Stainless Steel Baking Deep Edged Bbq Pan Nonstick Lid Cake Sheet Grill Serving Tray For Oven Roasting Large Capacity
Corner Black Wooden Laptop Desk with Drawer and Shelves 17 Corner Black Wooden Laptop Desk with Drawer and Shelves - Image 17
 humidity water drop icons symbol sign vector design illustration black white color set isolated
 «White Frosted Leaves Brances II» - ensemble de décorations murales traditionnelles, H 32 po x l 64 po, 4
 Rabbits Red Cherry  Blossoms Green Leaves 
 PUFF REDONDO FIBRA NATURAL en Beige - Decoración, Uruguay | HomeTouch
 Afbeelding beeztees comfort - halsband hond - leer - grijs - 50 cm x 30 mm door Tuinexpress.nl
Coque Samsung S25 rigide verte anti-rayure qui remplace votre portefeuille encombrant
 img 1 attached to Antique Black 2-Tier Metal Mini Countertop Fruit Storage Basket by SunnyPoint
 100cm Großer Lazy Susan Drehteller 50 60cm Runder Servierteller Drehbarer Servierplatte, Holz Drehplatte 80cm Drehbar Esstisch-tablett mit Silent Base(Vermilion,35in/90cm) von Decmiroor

○ ○ ○

- **How to complete this task**: In the listing above, find the line with "Rabbits Red Cherry" and the line with "Coque Samsung S25"; output exactly those lines and all lines between them.

- **Written response**:
 Rabbits Red Cherry  Blossoms Green Leaves 
 PUFF REDONDO FIBRA NATURAL en Beige - Decoración, Uruguay | HomeTouch
 Afbeelding beeztees comfort - halsband hond - leer - grijs - 50 cm x 30 mm door Tuinexpress.nl
Coque Samsung S25 rigide verte anti-rayure qui remplace votre portefeuille encombrant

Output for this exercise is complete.